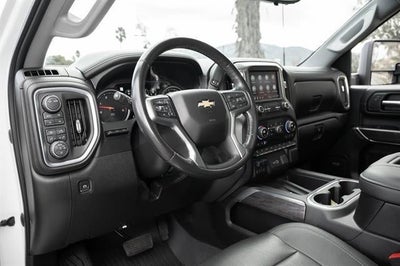 2021 Chevrolet Silverado 2500 HD LTZ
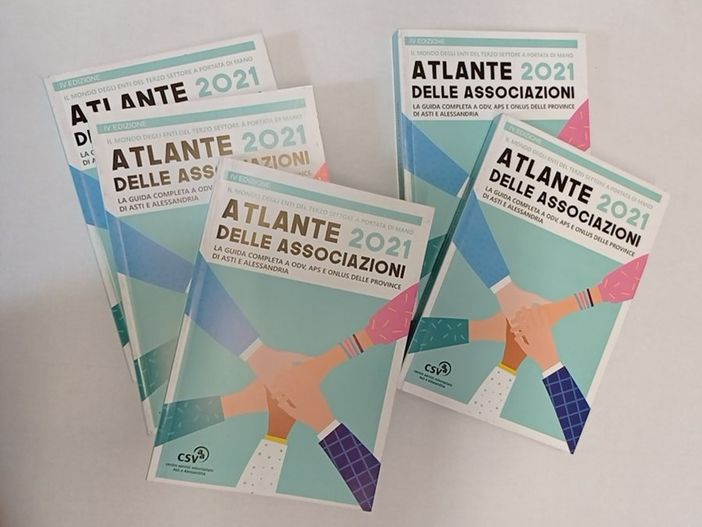 La quarta edizione dell'Atlante delle Associazioni 2021, mappa il volontariato di Asti e Alessandria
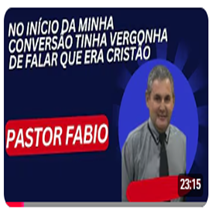 Vergonha de dizer que era Cristão no início da minha conversão.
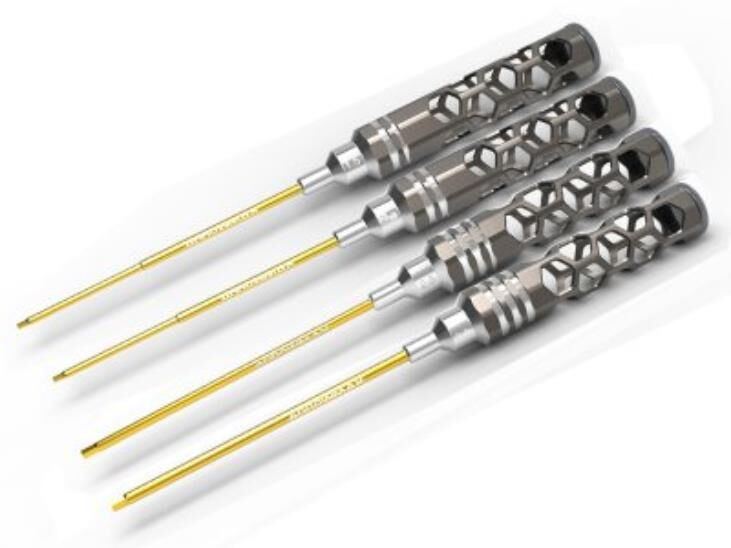 Arrowmax ALLEN WRENCH SET 1.5, 2.0, 2.5, 3.0 X 120MM 4PCES HONEYCOMB / AM410991Arrowmax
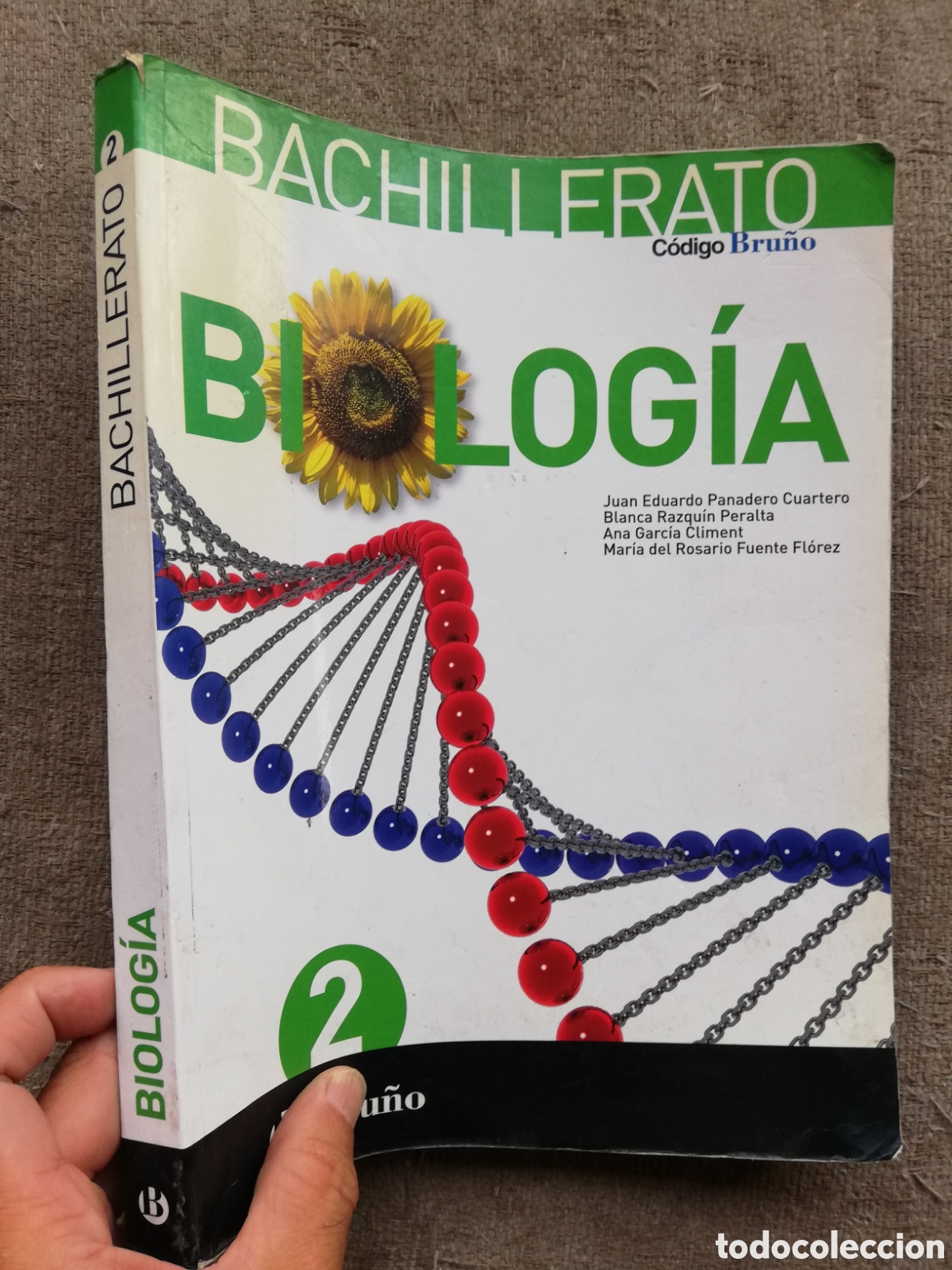 Libros de segunda mano: Bachillerato c&oacute;digo Bru&ntilde;o. Biolog&iacute;a 2 - Foto 2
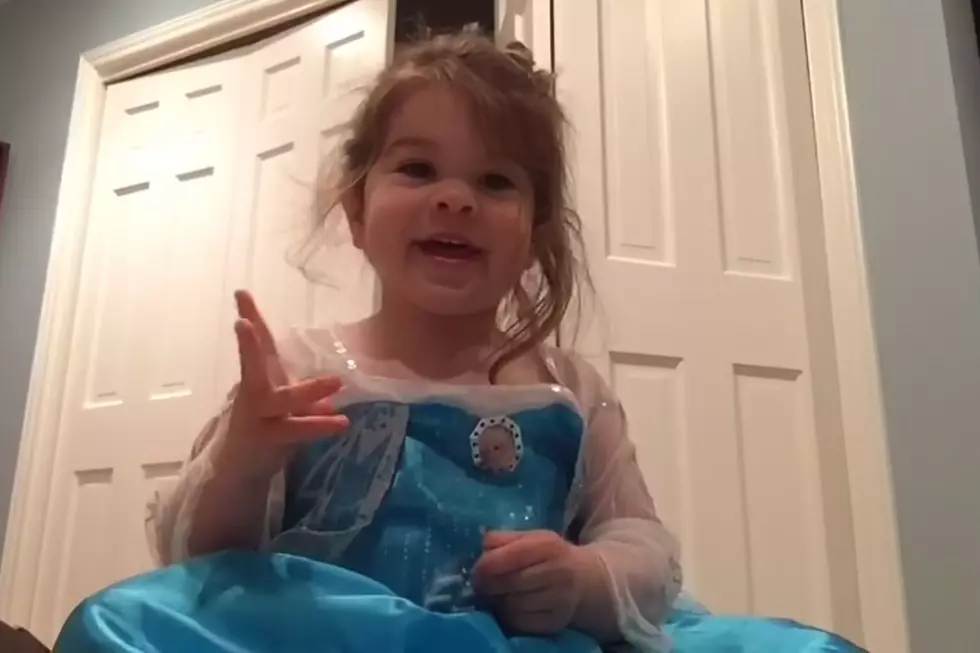This Three-Year-Old Girl Is the Biggest Led Zeppelin Fan You Know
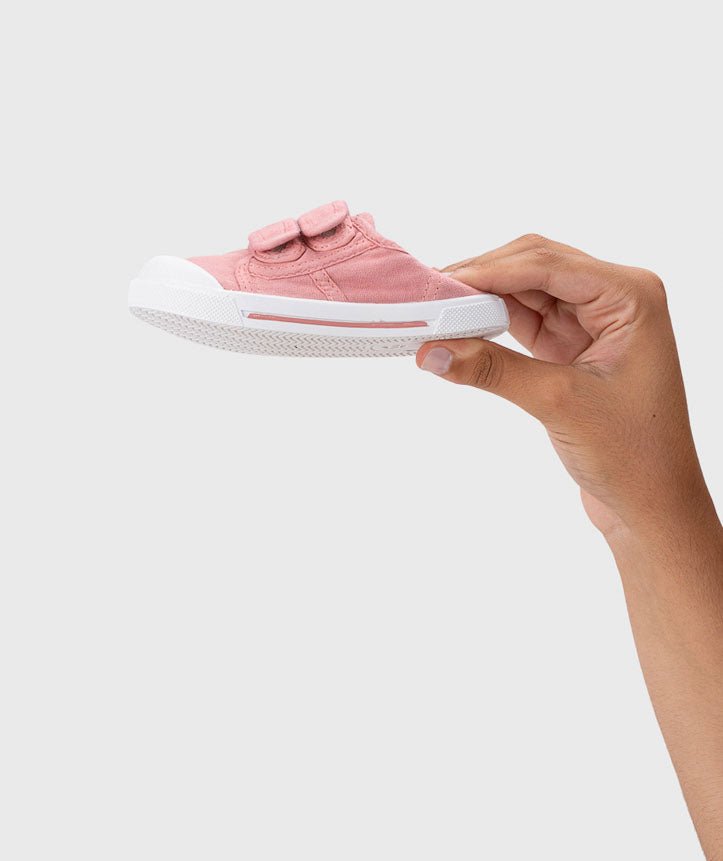 Lona Canvas Rosa Barefoot - IGOR personalizado - regalo bebé | Mi Luna Lunera
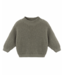 Quincy Mae Chunky Knit Baby Sweater - Spruce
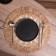 Wicker rug round 40 cm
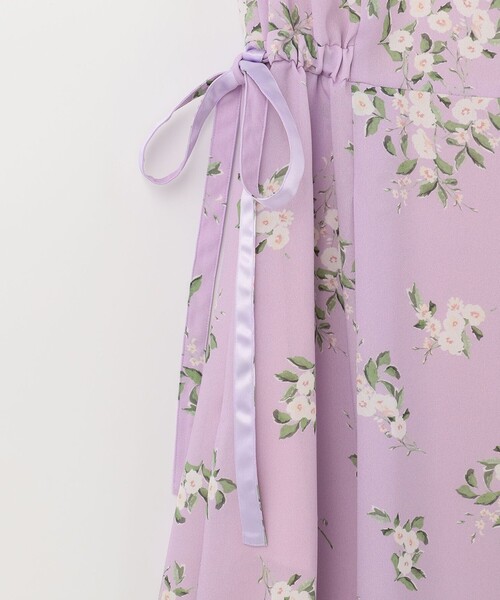 TOCCA（トッカ）の「【WEB限定】【洗える！】CHEERFUL JOY BOUQUET DRESS ドレス（ワンピース・レディース・ブラック系7/ライラック系7・2/0/4/6）」の21枚目の写真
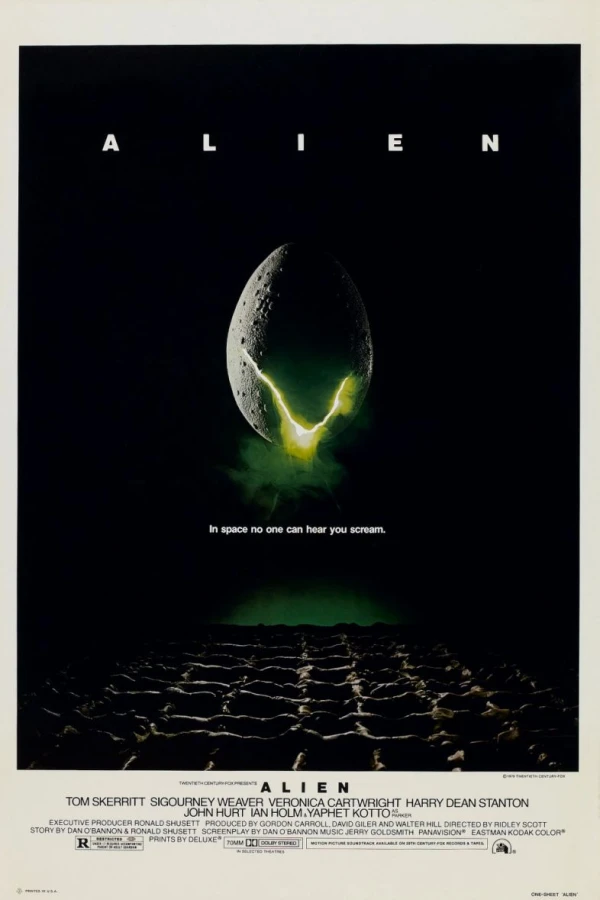 Alien - O 8º Passageiro Poster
########
-- THE PROBLEM --
The output must match, line for line, the span from the line containing "Lona Canvas Rosa" through the end of the data, with the pictures removed.

-- FINISHED EXERCISE --
 Lona Canvas Rosa Barefoot - IGOR personalizado - regalo bebé | Mi Luna Lunera
 Quincy Mae Chunky Knit Baby Sweater - Spruce
 Wicker rug round 40 cm
 TOCCA（トッカ）の「【WEB限定】【洗える！】CHEERFUL JOY BOUQUET DRESS ドレス（ワンピース・レディース・ブラック系7/ライラック系7・2/0/4/6）」の21枚目の写真
 Alien - O 8º Passageiro Poster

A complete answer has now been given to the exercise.